In 2006, I joined Magnolia Bakery as President and Chief Baking Officer, working across operations, production, finance, and everything in between to bring the beloved bakery to new locations, recipes, and fans around the world. While dessert is my first passion, I’m equally passionate about developing our team and spreading the joy of Magnolia Bakery to new places and ways.

This year we’re excited to open new franchise locations across the U.S., including Salt Lake City, Philadelphia, Louisville, Cleveland, Fairfield County, CT. Las Vegas, Detroit area and more.

What was your first job? I started working in the hospitality industry at 15. My very first job was at Cal’s Roast Beef in Elgin, Illinois.

What’s your favorite menu item at Magnolia Bakery? It’s hard to choose just one, so I’ll pick two! I really love the Chocolate Chip Caramel Sea Salt Cookie and the Double Fudge Brownie.

Favorite cuisine beyond Magnolia Bakery? Besides sweets and pastry, I love Mediterranean food, especially Lebanese or Greek.
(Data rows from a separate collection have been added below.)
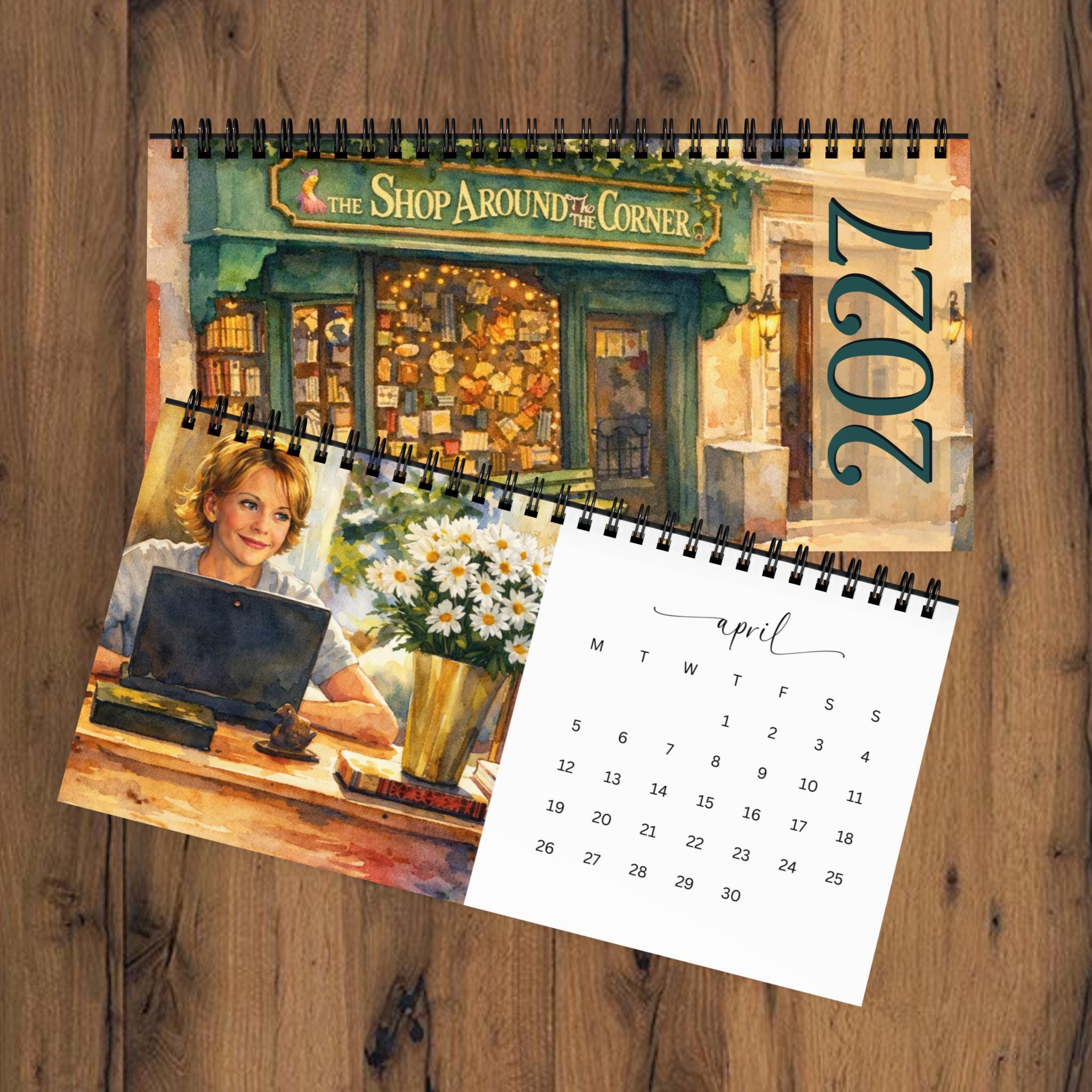 90s Calendar - Etsy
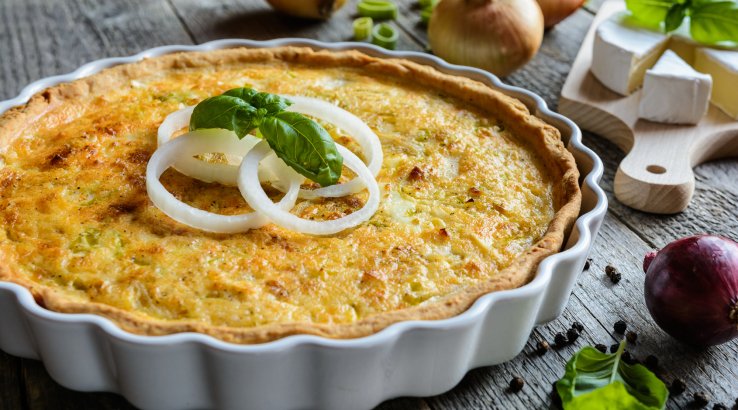 цибулевий пиріг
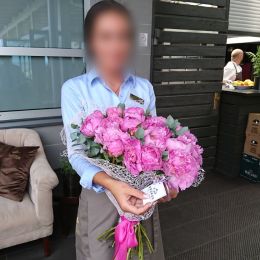 Flower delivery to Jūrmala. Report No. 2562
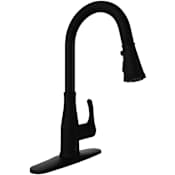 Anzzi Sifo Touchless 1.8 GPM Single Hole Pull Down Kitchen Faucet Matte Black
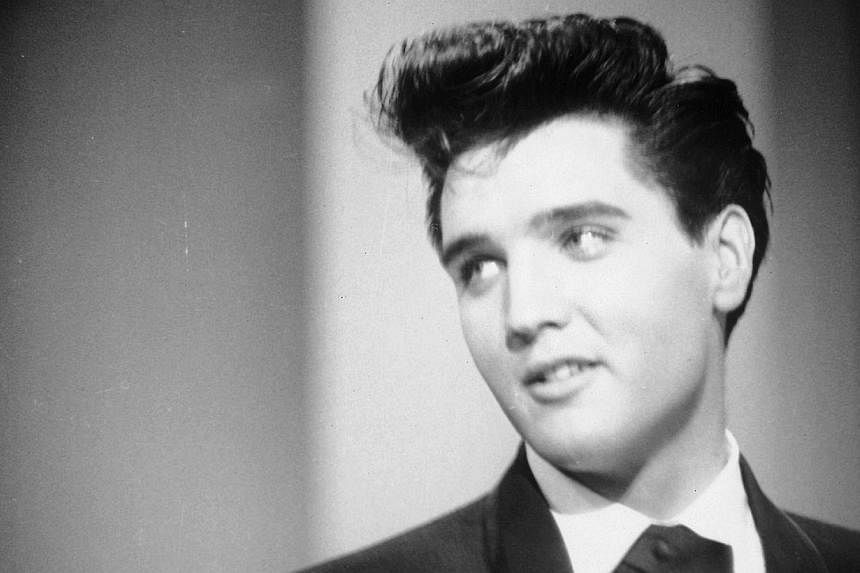The first record Elvis Presley (above) ever made will be put up for auction next year, along with his first driver's licence, his Graceland estate said Thursday.&nbsp;Presley was 18 in June, 1953 when he paid four dollars at Sun Studios to record the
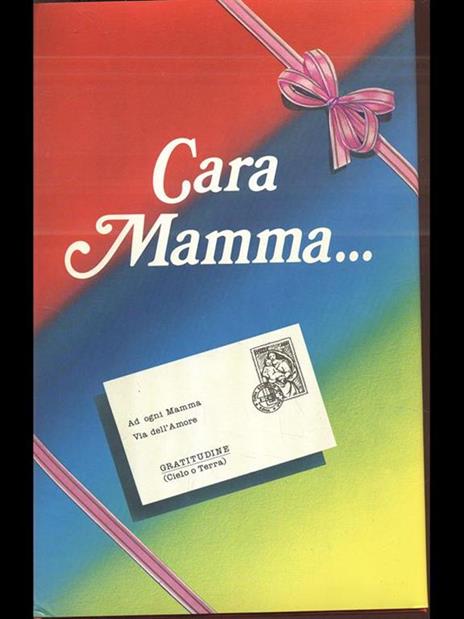 Cara mamma... - Mariangelo da Cerqueto - copertina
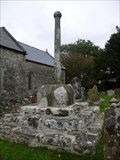 Image for St Davids - Churchyard Cross - Laleston, Bridgend, Wales.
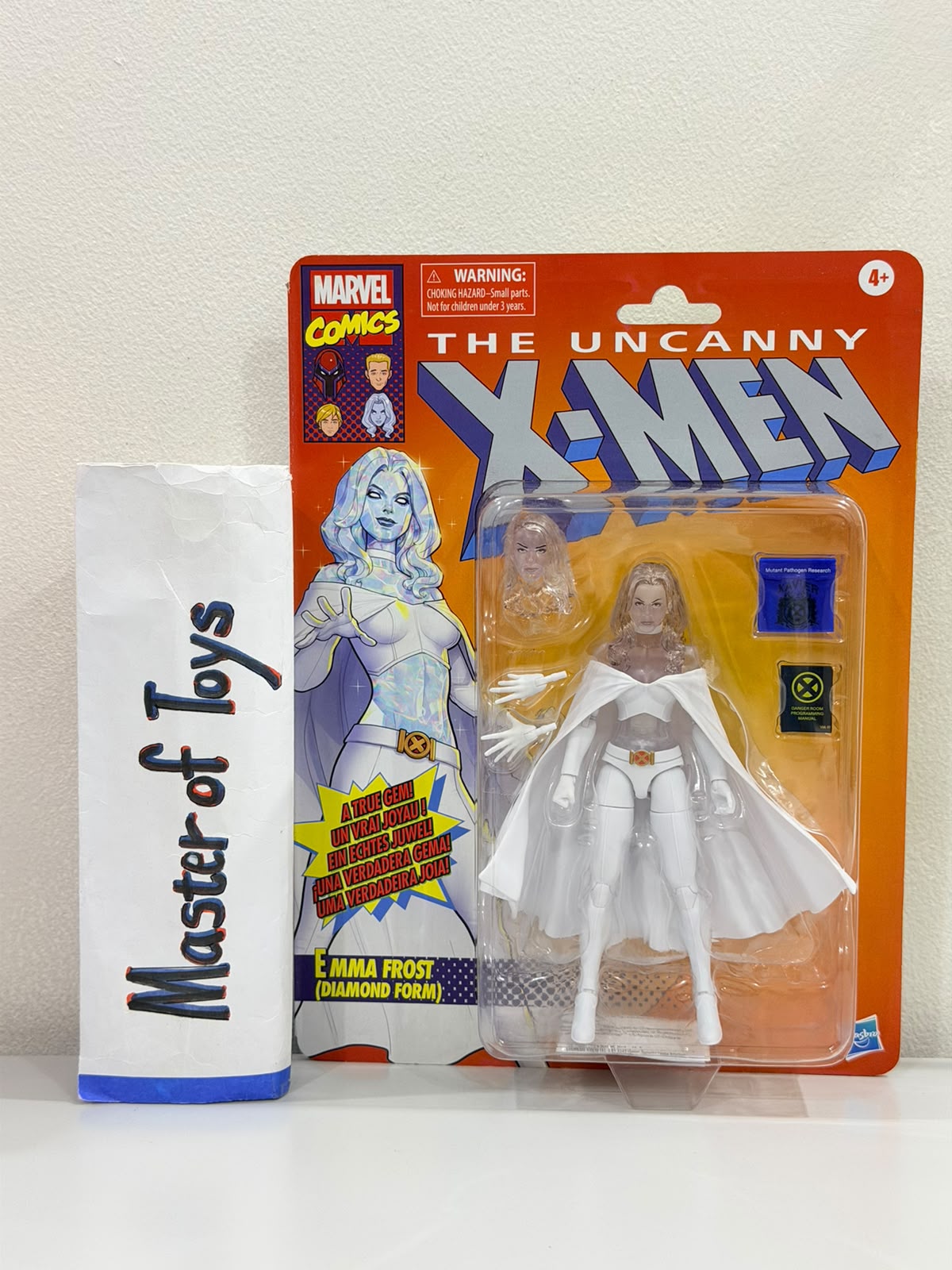 Hasbro Marvel Comics The Uncanny X Men Emma Frost (Diamond Form) - Ready Stock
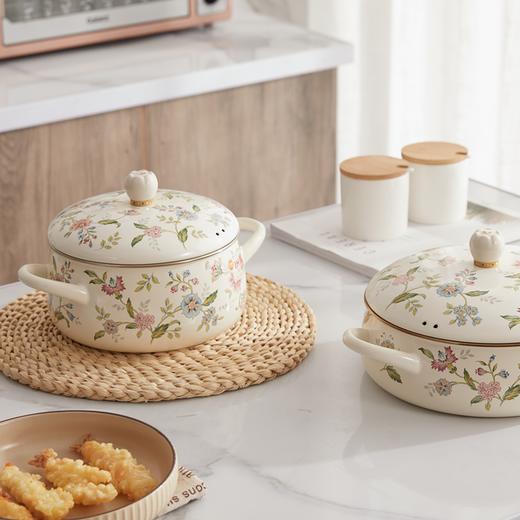 日本珐琅锅  普罗旺斯系列 让日常烹饪更省心高效 商品图2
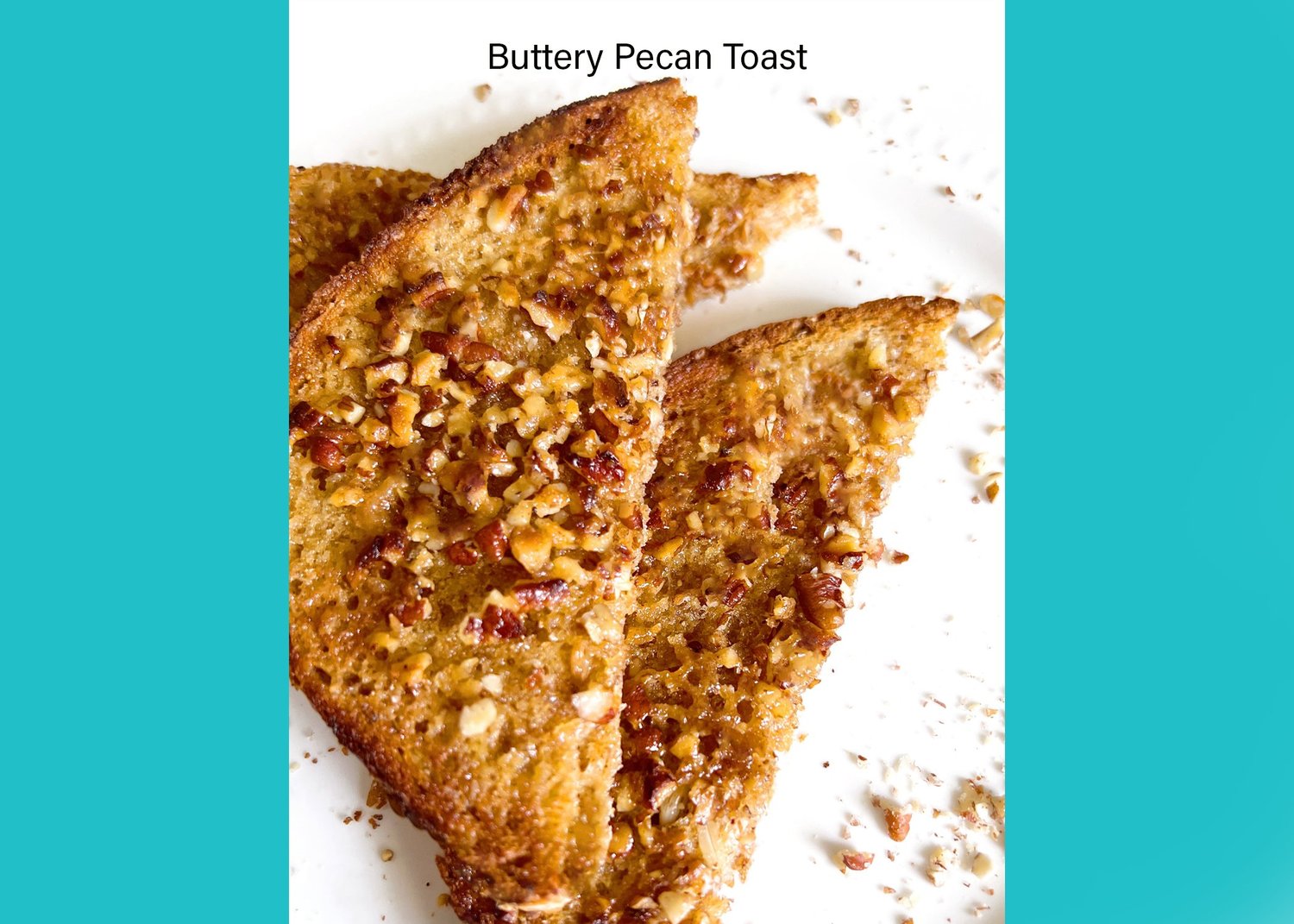 Buttery Pecan Toast – Vintage Sweet Breakfast Idea — Vintage By the Bite Retro Food Blog thumbnail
Who inspired your leadership? I have been lucky to have many mentors in my career. Danny Meyer, who I worked with at Union Square Cafe in the late 80’s, taught me sincere hospitality and how to always make the guest and your staff the most important part of running your business. Today I work closely with Mark Ramadan, former CEO of Hu’s and co-founder and CEO of Sir Kensington’s, who always provides thoughtful advice from a new perspective.

What’s one piece of advice restaurant executives need to hear? This wise advice was given to me by Mark: “Leave room for magic. Don’t let logic control you.” And, “your secret ingredient is people.” It’s most important to recognize and invest in your people; the return is priceless.

Interests outside of work? I love to cook, read, travel, garden and run. I have ran 11 marathons in the US and close to 50 half marathons.